Flor y Víctor eran un matrimonio joven con dos hijos, Florecita y Vic. Florecita tenía carácter fuerte desde niña, detestaba que le llamaran “Florecita” (todas sus amigas le llamaban Flo), y para Flor, una excelente oficinista y ama de casa dedicada, era difícil hacerla obedecer para que, como ella lo había sido, se convirtiera en buena estudiante y una señorita amable y cariñosa. Vic, por el contrario, sí era sensible y dulce. A menudo le decían homosexual en la escuela, a pesar de que no lo era, y él se echaba a llorar, lo cual provocaba más burlas, sin saber que el motivo de sus lágrimas era que le dolía que sus compañeros usaran palabras ofensivas contra las personas con otras preferencias, que nada les habían hecho. Para Víctor, que su hijo fuera tan delicado era decepcionante, y su ira se elevaba al nivel del cielo cuando Flo era más lista para ganarle en una discusión, o lo dejaba tirado en el suelo de un simple manazo. 

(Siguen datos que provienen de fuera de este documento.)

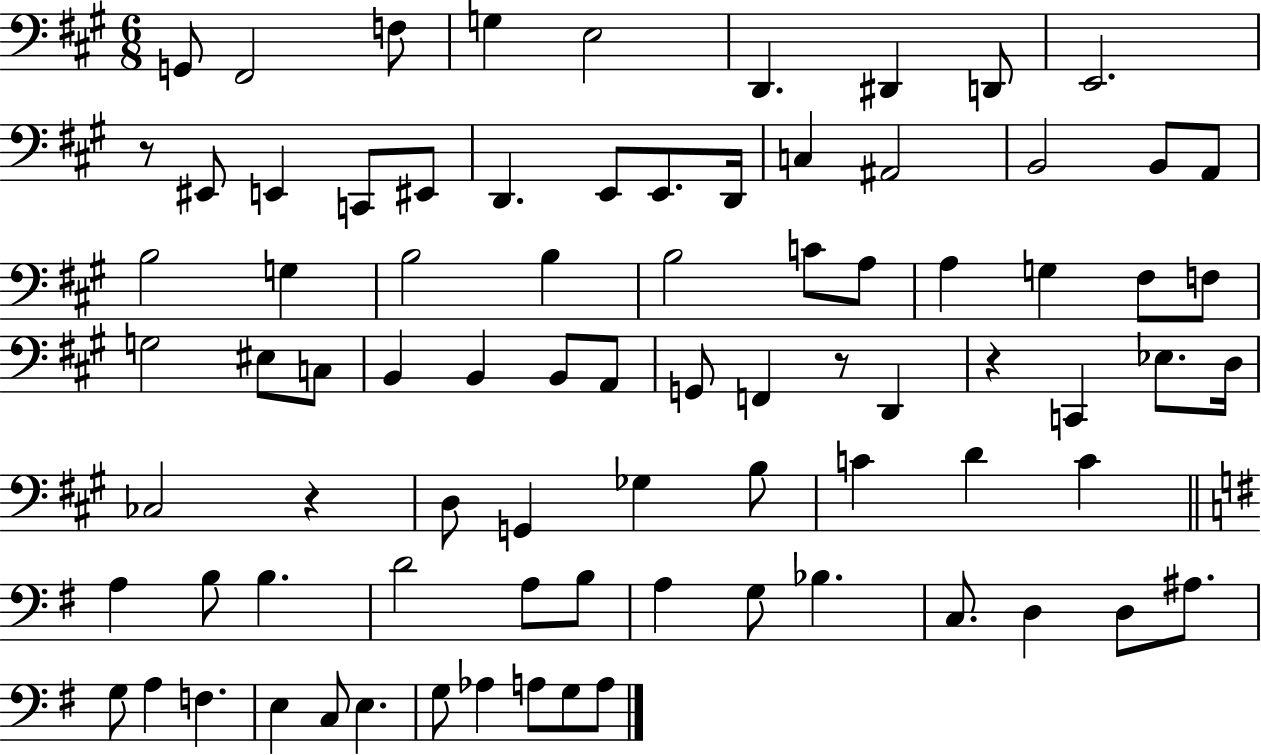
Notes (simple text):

G2/e F#2/h F3/e G3/q E3/h D2/q. D#2/q D2/e E2/h. R/e EIS2/e E2/q C2/e EIS2/e D2/q. E2/e E2/e. D2/s C3/q A#2/h B2/h B2/e A2/e B3/h G3/q B3/h B3/q B3/h C4/e A3/e A3/q G3/q F#3/e F3/e G3/h EIS3/e C3/e B2/q B2/q B2/e A2/e G2/e F2/q R/e D2/q R/q C2/q Eb3/e. D3/s CES3/h R/q D3/e G2/q Gb3/q B3/e C4/q D4/q C4/q A3/q B3/e B3/q. D4/h A3/e B3/e A3/q G3/e Bb3/q. C3/e. D3/q D3/e A#3/e. G3/e A3/q F3/q. E3/q C3/e E3/q. G3/e Ab3/q A3/e G3/e A3/e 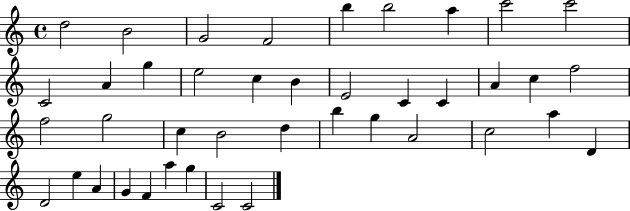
D5/h B4/h G4/h F4/h B5/q B5/h A5/q C6/h C6/h C4/h A4/q G5/q E5/h C5/q B4/q E4/h C4/q C4/q A4/q C5/q F5/h F5/h G5/h C5/q B4/h D5/q B5/q G5/q A4/h C5/h A5/q D4/q D4/h E5/q A4/q G4/q F4/q A5/q G5/q C4/h C4/h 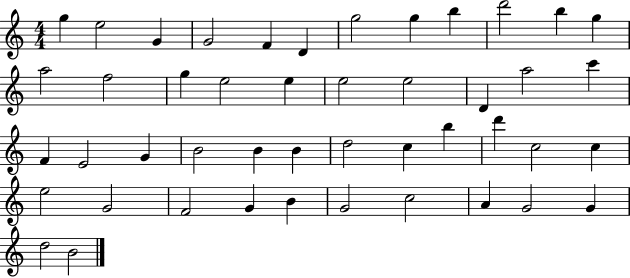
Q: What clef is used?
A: treble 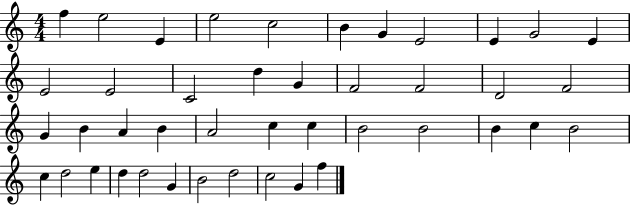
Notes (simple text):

F5/q E5/h E4/q E5/h C5/h B4/q G4/q E4/h E4/q G4/h E4/q E4/h E4/h C4/h D5/q G4/q F4/h F4/h D4/h F4/h G4/q B4/q A4/q B4/q A4/h C5/q C5/q B4/h B4/h B4/q C5/q B4/h C5/q D5/h E5/q D5/q D5/h G4/q B4/h D5/h C5/h G4/q F5/q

La insatisfacción de Víctor se tradujo en constantes ausencias y recriminaciones, a veces un poco etílicas, contra sus hijos. Le parecía que eran caprichosos, desconsiderados y que se negaban a madurar, acusaciones que les repetía cada vez que tenía oportunidad. 

Flor, por su parte, no aprobaba la actitud de su esposo,  por lo que siguió centrada en darles a sus hijos aquello que necesitaban. Una de sus estrategias nuevas fue inscribir a Florecita en clases de modelaje, y a Vic en clase de karate, para que se supiera defender. No tardaron en llegar las protestas, pues la una sentía que era ridículo, y el otro llegó sangrando de la nariz y con moretones. Flor no pudo más, y por vez primera fue ella la que se derrumbó. 

—Por favor hijos, se los suplico, pórtense bien. Ya lo he intentado todo, y no creo que quieran que sea como fue mi madre conmigo ¿verdad? ¡Cómo hubiera soñado yo tener lo que ustedes tienen, aprovéchenlo en lugar de estar siempre inconformes!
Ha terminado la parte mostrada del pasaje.